Literature DB >> 34222444

Minimally invasive removal of a deep-positioned cannulated screw from the femoral neck: A case report.

Zhao-Hui Yang1, Fu-Shan Hou2, Yun-Sheng Yin1, Lei Zhao1, Xiao Liang1.   

Abstract

BACKGROUND: Clinical femoral neck fracture is common. Based on patient age and fracture type, different surgical methods can be selected, including cannulated screw fixation of the femoral neck and artificial total hip joint or semi-hip joint replacement.
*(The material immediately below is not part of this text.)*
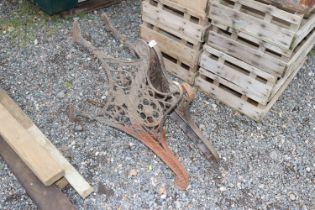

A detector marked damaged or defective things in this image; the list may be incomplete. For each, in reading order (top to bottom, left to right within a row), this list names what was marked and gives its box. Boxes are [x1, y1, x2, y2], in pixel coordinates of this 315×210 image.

rusty metal surface [71, 13, 220, 190] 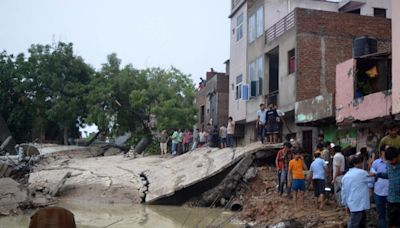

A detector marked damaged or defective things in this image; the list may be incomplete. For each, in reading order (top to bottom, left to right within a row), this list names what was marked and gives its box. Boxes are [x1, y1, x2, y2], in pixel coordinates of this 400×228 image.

When patients with femoral neck fracture are treated with cannulated screw fixation, a cannulated screw may be positioned too deep. The excessively deep-placed screw is difficult to remove and causes major trauma to the patient. CASE
SUMMARY: A patient with poliomyelitis and femoral neck fracture was treated with a cannulated screw that was placed too deep. A self-made auxiliary tool (made of a steel sternal wire) was used to remove the cannulated screw near the pelvic cavity.
CONCLUSION: The depth of the cannulated screw can be estimated before screw placement using an improved hollow screwdriver with a scale mark, thus improving the safety of screw placement and facilitating clinical use. ©The Author(s) 2021. Published by Baishideng Publishing Group Inc. All rights reserved.

Entities:  

Keywords:  Cannulated screw; Case report; Excessively deep-position; Femoral neck fracture; Minimally invasive removal

Year:  2021        PMID: 34222444      PMCID: PMC8223848          DOI: 10.12998/wjcc.v9.i18.4760

Source DB:  PubMed          Journal:  World J Clin Cases        ISSN: 2307-8960            Impact factor:   1.337


Core Tip: A patient with poliomyelitis and femoral neck fracture was treated with a cannulated screw that was placed too deep. A self-made auxiliary tool (made of a steel sternal wire) was used to remove the cannulated screw near the pelvic cavity. The depth of the cannulated screw can be estimated before screw placement using an improved hollow screwdriver with a scale mark.

INTRODUCTION

Clinical femoral neck fracture is common[1]. Patients with femoral neck fracture can be treated with cannulated screw fixation, but a cannulated screw may be positioned too deep in clinical practice. The excessively deep-placed screw is difficult to remove and causes major trauma to the patient.

CASE PRESENTATION

Chief complaints

A 59-year-old Chinese man was hospitalized in the Department of Orthopaedics at the Second Hospital of Shanxi Medical University (Taiyuan, China) because of pain in his left hip.

History of past illness

In 1995, the patient underwent orthopedic surgery for poliomyelitis performed by an unknown surgeon.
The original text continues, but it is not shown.